Scott Hanold: Kaes, you obviously mentioned you hit your target asset sales. At this point, how do you view the equity ownership of those various interests you have? And maybe specifically on Deep Blue, where there are future capital calls, like strategically, does it make sense to own them? Is there a monetization opportunity there?

Kaes Van’t Hof: Yes. Listen, I think the strategy at Deep Blue is playing out very nicely. I think they’ve done an incredible job building the third-party business. That was not something that we were probably built to do if it was 100% owned by Diamondback. So I think high level, we’re very happy with our 30% ownership. It seems that market attention has increased on water and water management throughout the basin. And I think that’s good for valuations. And then I think — lastly, I think there’s some tangential opportunities for Deep Blue when it comes to water for power needs and some of the surface use management that we can do at Diamondback in conjunction with our partners. So I think high level, we’re happy with the 30%. At some point, that business will monetize or look different than a large private investment. But right now, they’re creating a lot of value in the shadows.

Scott Hanold: Got it. And the capital range you generally get for maintenance, any kind of equity interest capital call would be sort of included in that? Or would that be outside of that?

Kaes Van’t Hof: That’ll be outside of that, but we haven’t seen one of those in a long time.

Scott Hanold: Got it. Okay.

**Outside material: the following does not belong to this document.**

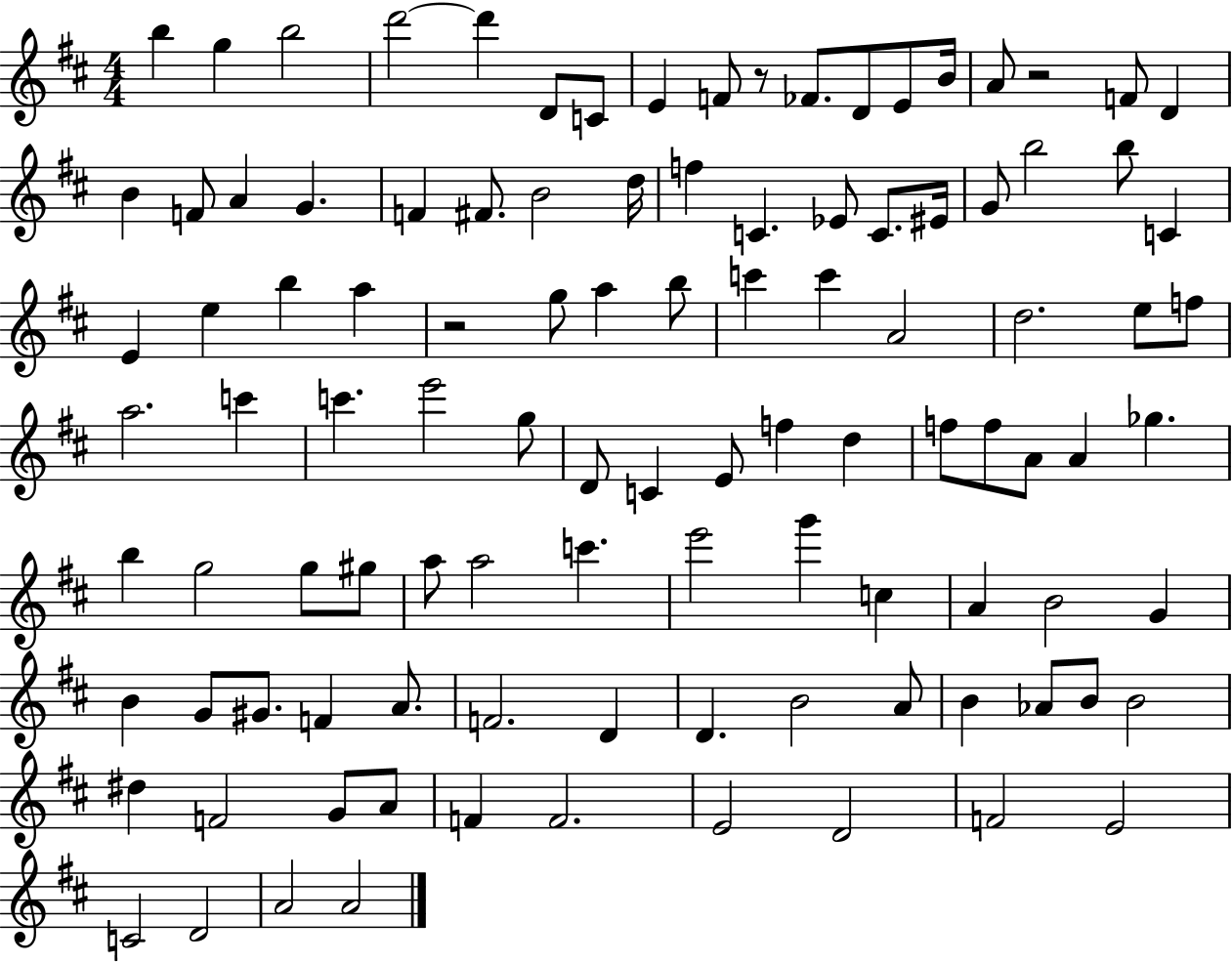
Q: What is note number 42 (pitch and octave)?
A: C6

And my follow-up question is just — you talked a little bit about like targeting zones and what you’re all doing. But like can you — with 2026, is there any kind of a shift in activity allocation across both like acreage regionally within the Midland or even does the Delaware get attention and do zones such as like the Woodford and Barnett get a little bit more attention as well?

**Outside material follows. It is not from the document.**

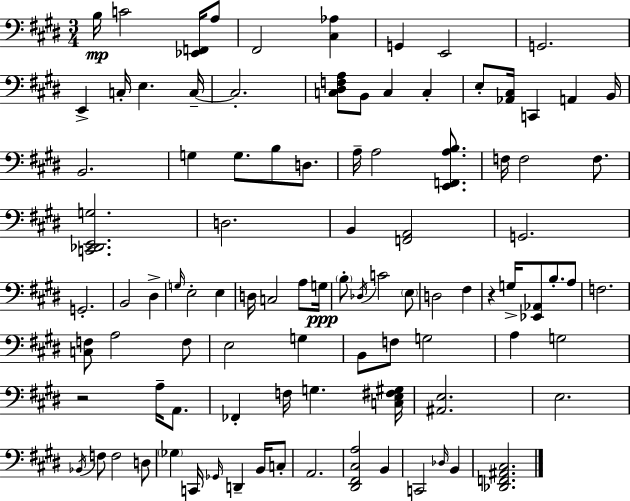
B3/s C4/h [Eb2,F2]/s A3/e F#2/h [C#3,Ab3]/q G2/q E2/h G2/h. E2/q C3/s E3/q. C3/s C3/h. [C3,D#3,F3,A3]/e B2/e C3/q C3/q E3/e [Ab2,C#3]/s C2/q A2/q B2/s B2/h. G3/q G3/e. B3/e D3/e. A3/s A3/h [E2,F2,A3,B3]/e. F3/s F3/h F3/e. [C2,Db2,E2,G3]/h. D3/h. B2/q [F2,A2]/h G2/h. G2/h. B2/h D#3/q G3/s E3/h E3/q D3/s C3/h A3/e G3/s B3/e Db3/s C4/h E3/e D3/h F#3/q R/q G3/s [Eb2,Ab2]/e B3/e. A3/e F3/h. [C3,F3]/e A3/h F3/e E3/h G3/q B2/e F3/e G3/h A3/q G3/h R/h A3/s A2/e. FES2/q F3/s G3/q. [C3,E3,F#3,G#3]/s [A#2,E3]/h. E3/h. Bb2/s F3/e F3/h D3/e Gb3/q C2/s Gb2/s D2/q B2/s C3/e A2/h. [D#2,F#2,C#3,A3]/h B2/q C2/h Db3/s B2/q [Db2,F2,A#2,C#3]/h.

Kaes Van’t Hof: Yes, I think at the high level, the Delaware is going to get less attention even than this year. We’re pretty well held over there. And most of the development sits further down in our development stack. But I do think you’ll continue to see, like you can see on Slide 15, the average percentage by zone in the Midland Basin continue to evolve with new zones being added in. And the challenge for the team is continuing to improve well productivity despite adding what people perceive as lower quality zones. But I do think we also have some more Barnett and Woodford tests and we look forward to a full kind of asset update on that zone at some point next year. Al, do you want to add anything on testing those zones?

Albert Barkmann: No, I think that’s right. I mean I think you’ll see us continue to delineate those zones around the Midland Basin. And for ’26, I would expect that percentage to tick up kind of like you’ve seen over the past couple of years as we figure out where the best well performance is throughout the basin and allocate capital appropriately.

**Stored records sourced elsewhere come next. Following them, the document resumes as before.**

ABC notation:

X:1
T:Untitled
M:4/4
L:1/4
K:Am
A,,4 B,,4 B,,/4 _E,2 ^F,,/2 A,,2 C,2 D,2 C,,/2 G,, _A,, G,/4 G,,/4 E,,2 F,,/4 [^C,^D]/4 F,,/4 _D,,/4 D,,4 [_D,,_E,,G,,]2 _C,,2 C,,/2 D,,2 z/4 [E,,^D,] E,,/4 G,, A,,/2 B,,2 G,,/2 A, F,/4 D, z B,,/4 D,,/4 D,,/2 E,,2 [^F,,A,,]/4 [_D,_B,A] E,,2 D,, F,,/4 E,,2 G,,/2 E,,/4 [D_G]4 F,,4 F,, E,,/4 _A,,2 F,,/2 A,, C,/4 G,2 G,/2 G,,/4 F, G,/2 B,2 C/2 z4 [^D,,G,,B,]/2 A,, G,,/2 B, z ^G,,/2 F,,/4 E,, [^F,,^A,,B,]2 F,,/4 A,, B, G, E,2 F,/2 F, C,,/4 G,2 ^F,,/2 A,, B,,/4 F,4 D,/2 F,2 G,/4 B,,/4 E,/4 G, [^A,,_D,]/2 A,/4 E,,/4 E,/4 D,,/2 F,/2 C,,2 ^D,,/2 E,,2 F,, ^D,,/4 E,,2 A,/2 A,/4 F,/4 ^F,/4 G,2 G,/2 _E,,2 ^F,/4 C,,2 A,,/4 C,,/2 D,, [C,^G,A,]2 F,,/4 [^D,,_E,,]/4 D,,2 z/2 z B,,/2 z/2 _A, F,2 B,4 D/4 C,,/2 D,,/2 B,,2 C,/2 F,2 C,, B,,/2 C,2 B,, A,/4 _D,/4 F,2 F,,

Operator: Our next question comes from Kalei Akamine of Bank of America.

Kaleinoheaokealaula Akamine: I want to follow up on the topic of maintenance capital at $925 million per quarter. Wondering if you can put some definition around that because headline production has moved around quite a bit in the last 18 months. So what is the associated maintenance oil production level maybe on an operated basis associated with that? And then is this spend level inclusive of all the ratable non-D&C spend?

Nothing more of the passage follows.